DATA EXCERPT:
"""

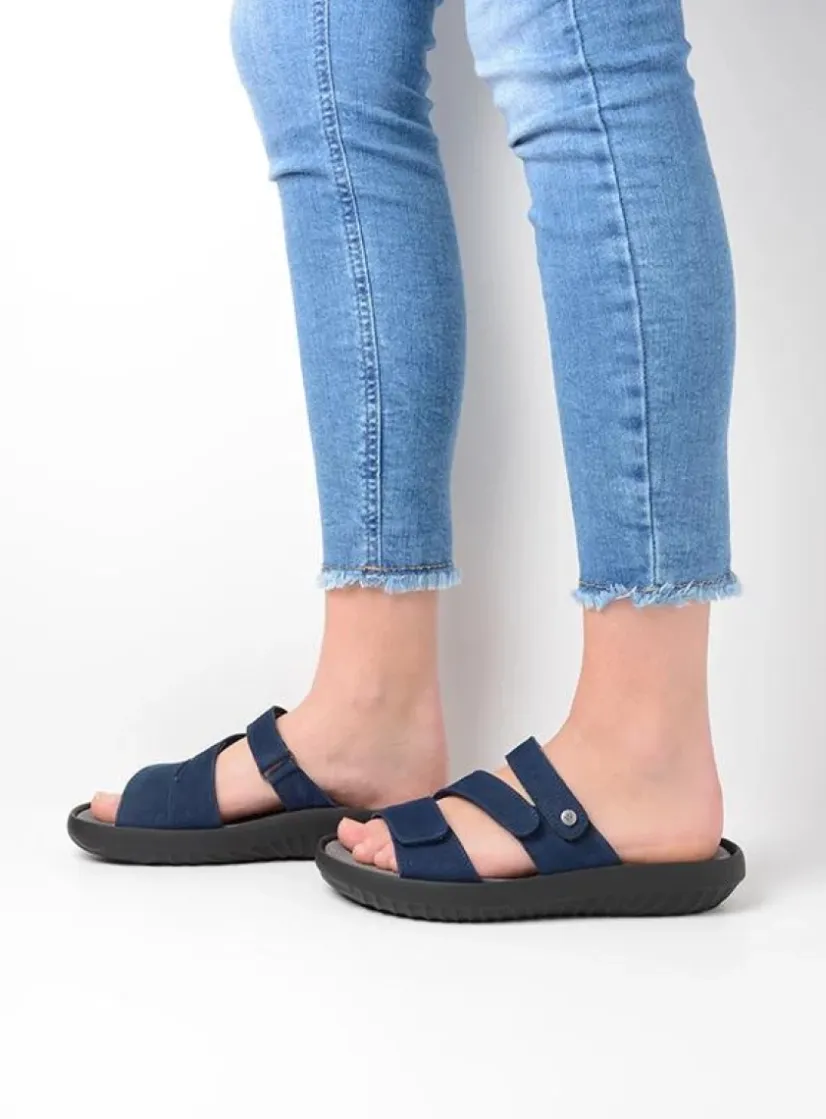 Wolky Sense - blauw nubuck<DAMES Slippers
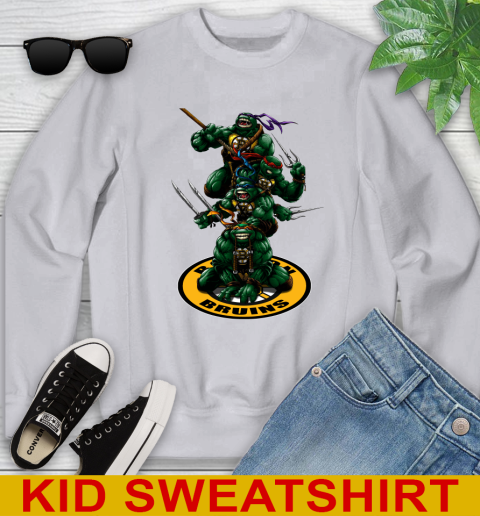 NHL Hockey Boston Bruins Teenage Mutant Ninja Turtles Shirt Youth Sweatshirt 4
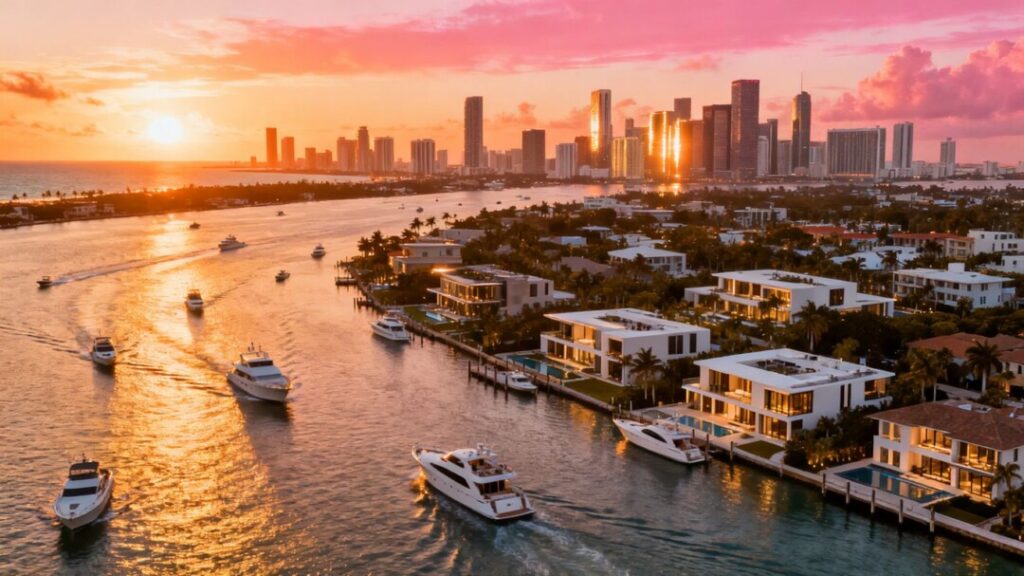 Miami skyline with waterfront homes and ocean.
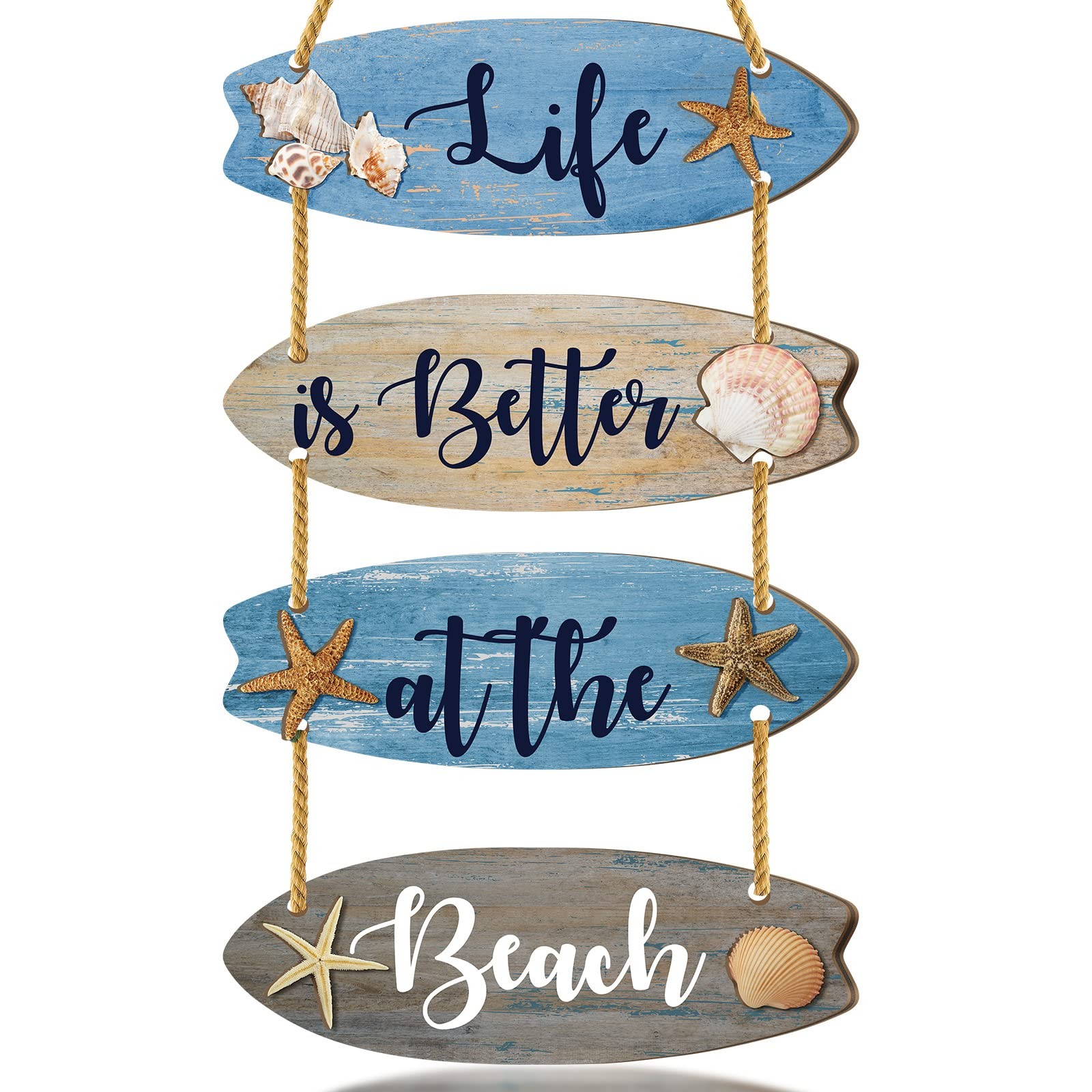 Beach Bathroom Decor Sign Blue Wall Decorations Inspirational Quotes Signs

"""

WHAT THE EXERCISE ASKS: Pass over the images and copy the rest of the material above exactly.

WRITTEN RESPONSE:
 Wolky Sense - blauw nubuck<DAMES Slippers
 NHL Hockey Boston Bruins Teenage Mutant Ninja Turtles Shirt Youth Sweatshirt 4
 Miami skyline with waterfront homes and ocean.
 Beach Bathroom Decor Sign Blue Wall Decorations Inspirational Quotes Signs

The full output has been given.